Exercise objective: Leave out every picture and set down, exactly, the lines below from the one holding "Bodysuit and booties" up to and including the one holding "Wrist shot of".

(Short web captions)

....

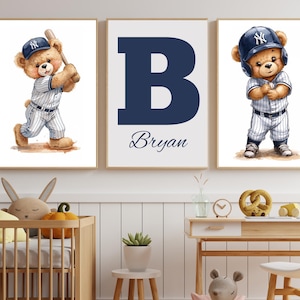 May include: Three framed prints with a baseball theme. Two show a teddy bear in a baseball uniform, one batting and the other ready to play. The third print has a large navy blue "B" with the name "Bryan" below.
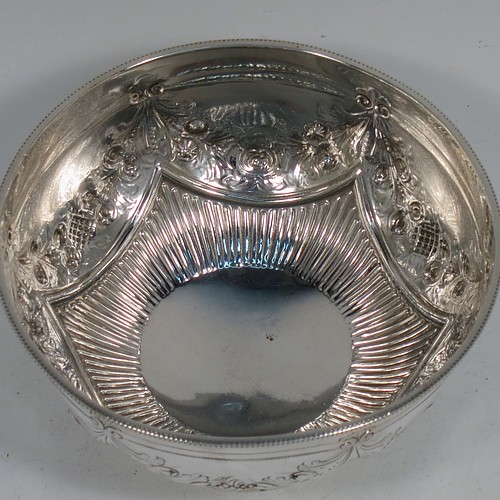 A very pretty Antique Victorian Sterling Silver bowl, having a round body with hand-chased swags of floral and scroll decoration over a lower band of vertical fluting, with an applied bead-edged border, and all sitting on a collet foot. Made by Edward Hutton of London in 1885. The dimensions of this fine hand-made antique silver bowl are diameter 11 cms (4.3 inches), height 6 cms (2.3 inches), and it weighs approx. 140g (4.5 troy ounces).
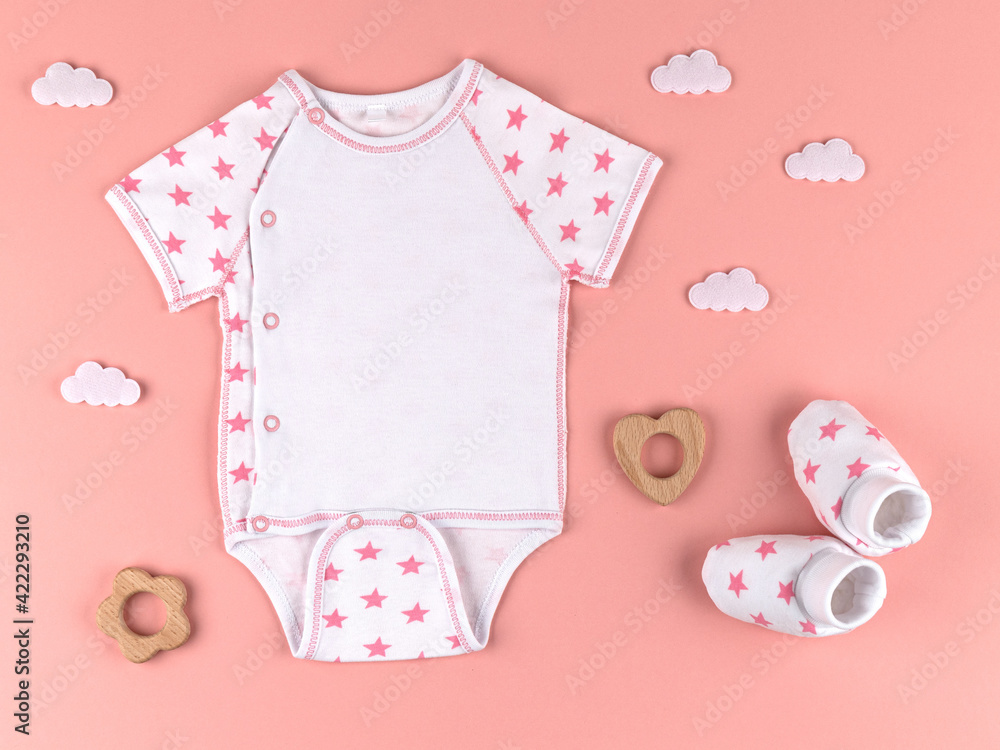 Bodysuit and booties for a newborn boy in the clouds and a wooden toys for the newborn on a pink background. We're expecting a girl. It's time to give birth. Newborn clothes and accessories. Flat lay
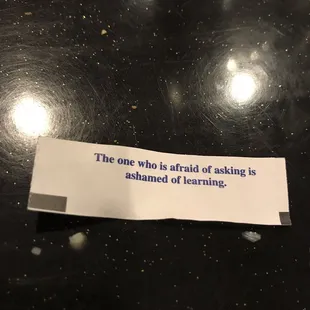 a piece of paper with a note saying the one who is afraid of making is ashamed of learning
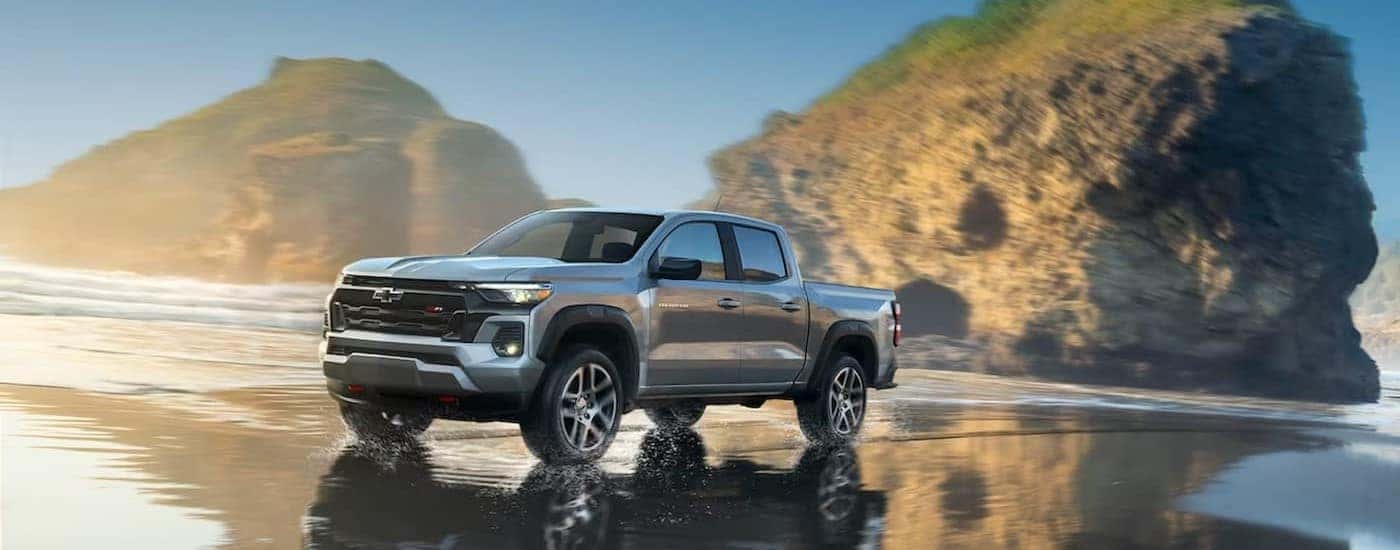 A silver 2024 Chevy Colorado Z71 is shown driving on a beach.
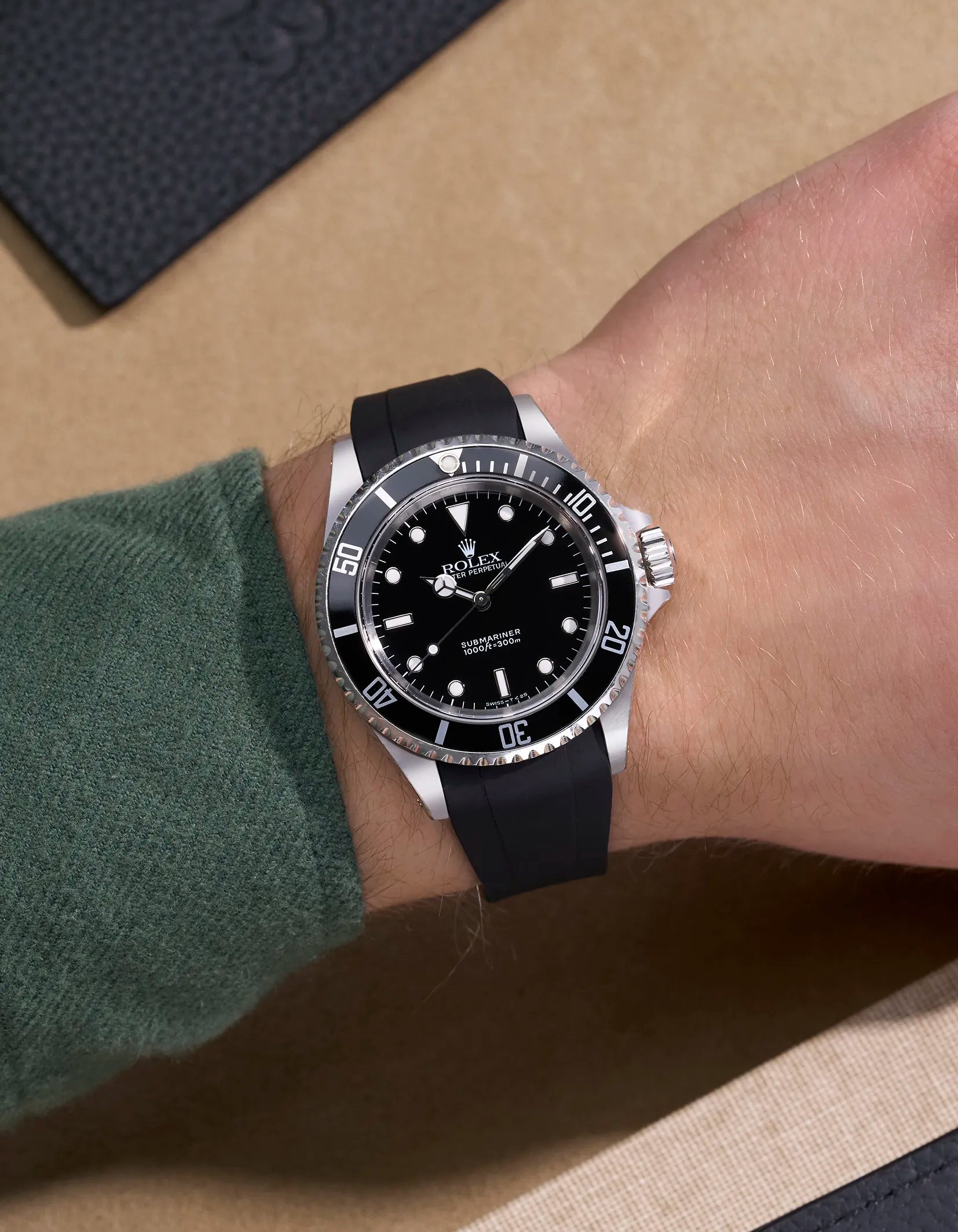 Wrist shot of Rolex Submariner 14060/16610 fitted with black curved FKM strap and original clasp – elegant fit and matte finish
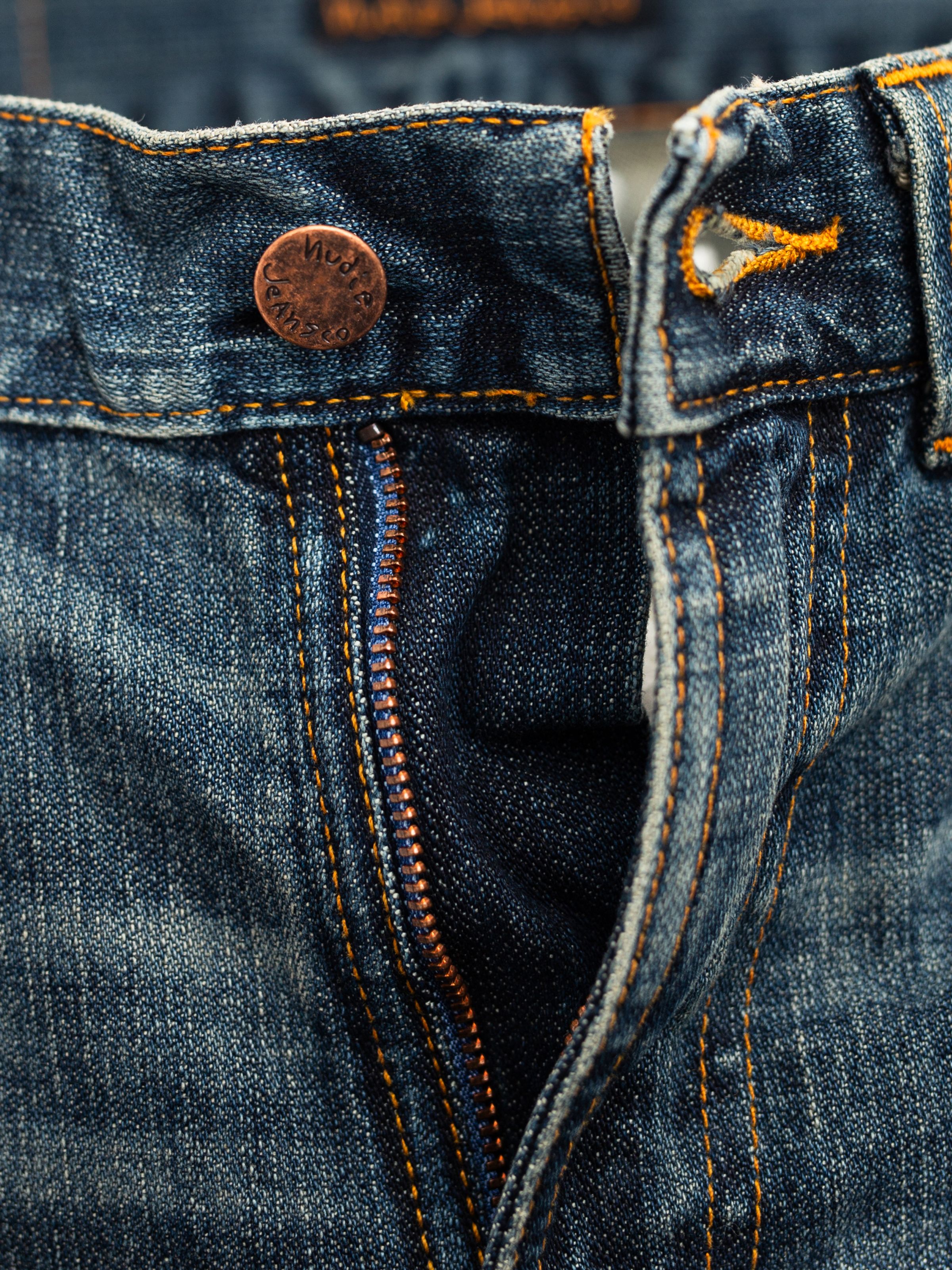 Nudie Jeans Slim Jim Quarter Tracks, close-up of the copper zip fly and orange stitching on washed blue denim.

....

Answer to this exercise:
 Bodysuit and booties for a newborn boy in the clouds and a wooden toys for the newborn on a pink background. We're expecting a girl. It's time to give birth. Newborn clothes and accessories. Flat lay
 a piece of paper with a note saying the one who is afraid of making is ashamed of learning
 A silver 2024 Chevy Colorado Z71 is shown driving on a beach.
 Wrist shot of Rolex Submariner 14060/16610 fitted with black curved FKM strap and original clasp – elegant fit and matte finish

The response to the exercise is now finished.